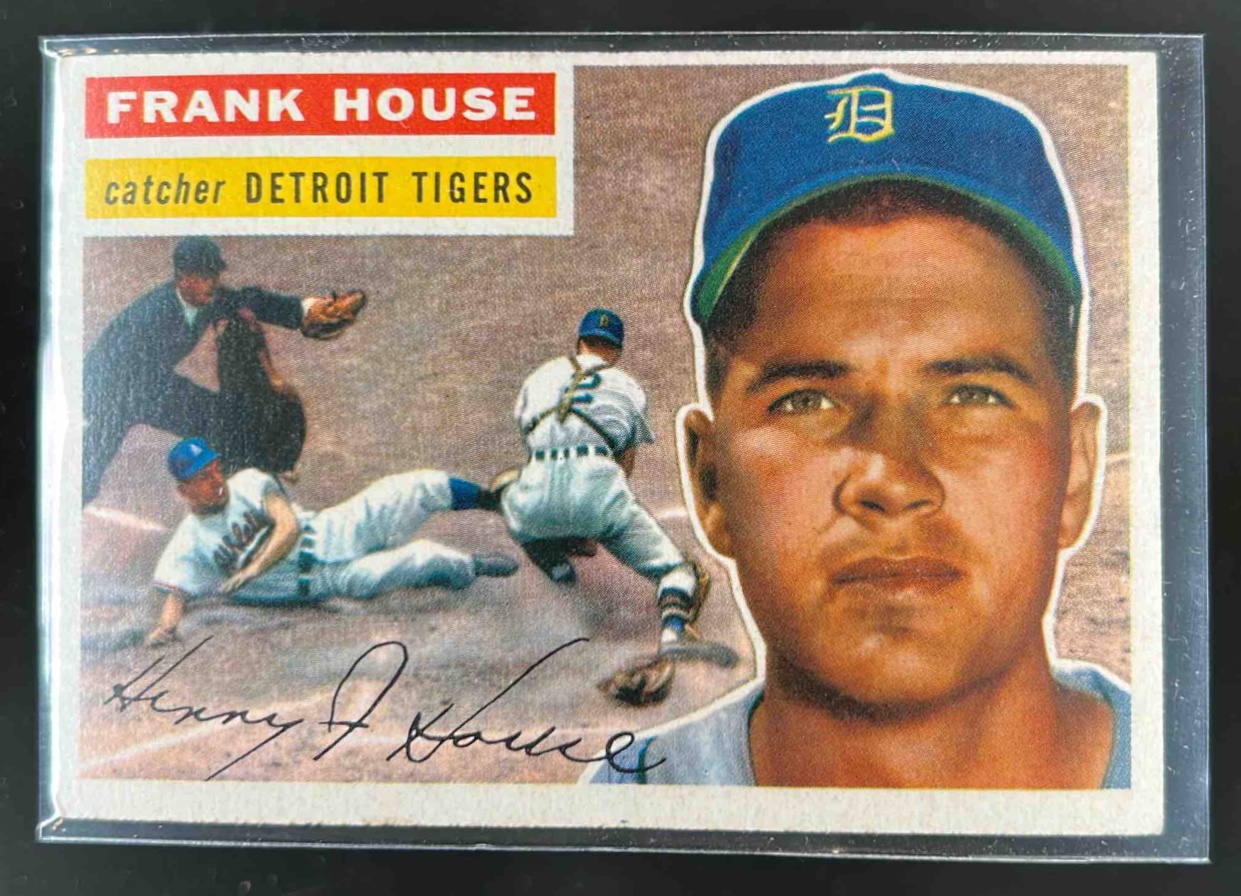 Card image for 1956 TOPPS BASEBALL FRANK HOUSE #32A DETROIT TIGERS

···

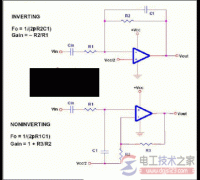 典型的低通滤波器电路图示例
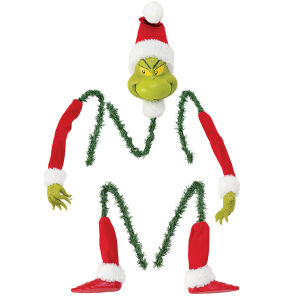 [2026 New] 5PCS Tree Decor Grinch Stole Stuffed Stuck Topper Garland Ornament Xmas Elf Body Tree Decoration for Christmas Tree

···

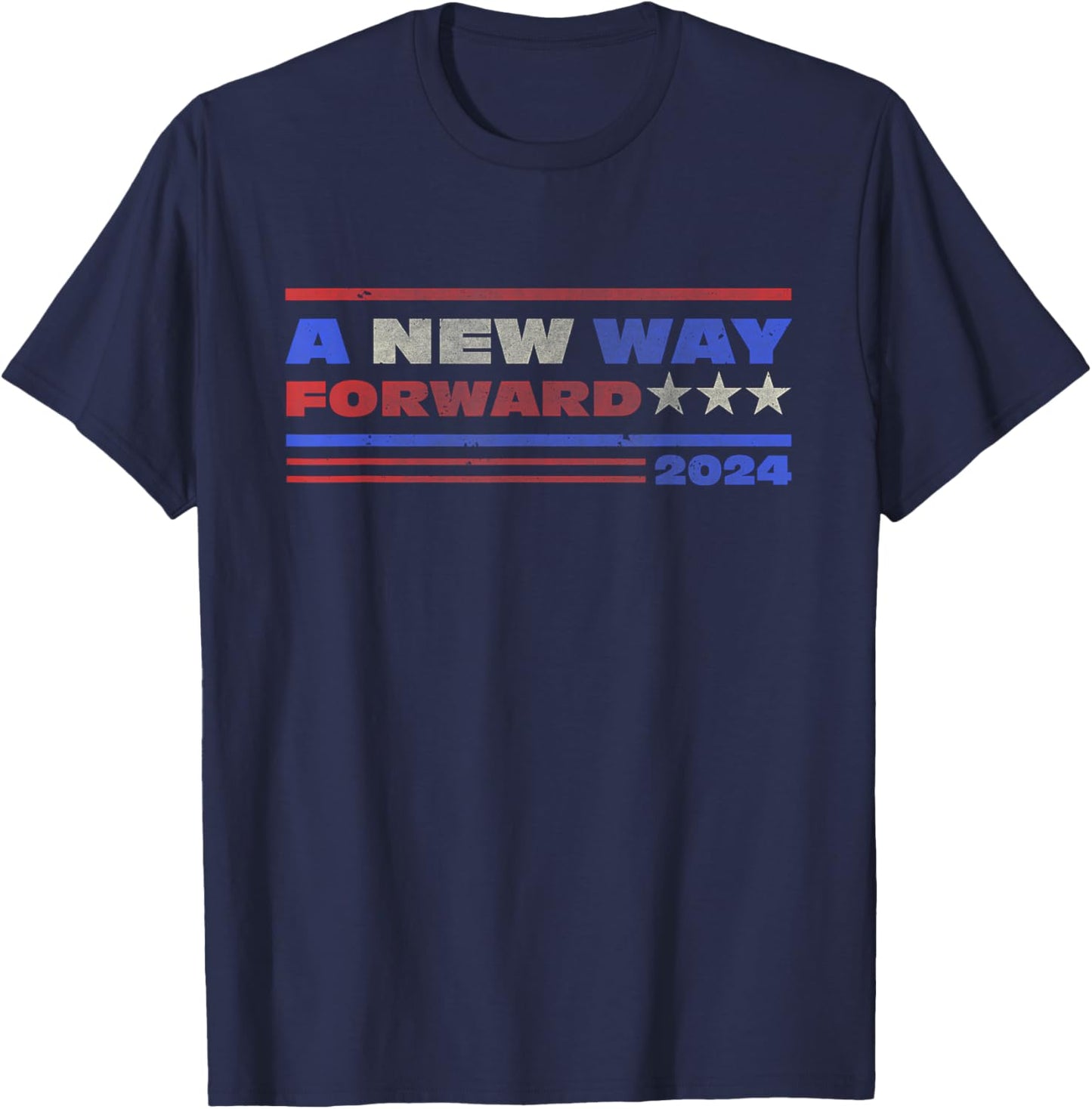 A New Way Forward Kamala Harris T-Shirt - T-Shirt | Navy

···

== Work request ==
Your reply should hold nothing but the lines above, from the one containing "典型的低通滤波器电路图示例" to the one containing "[2026 New] 5PCS", reproduced exactly minus the pictures.

== Answer space ==
 典型的低通滤波器电路图示例
 [2026 New] 5PCS Tree Decor Grinch Stole Stuffed Stuck Topper Garland Ornament Xmas Elf Body Tree Decoration for Christmas Tree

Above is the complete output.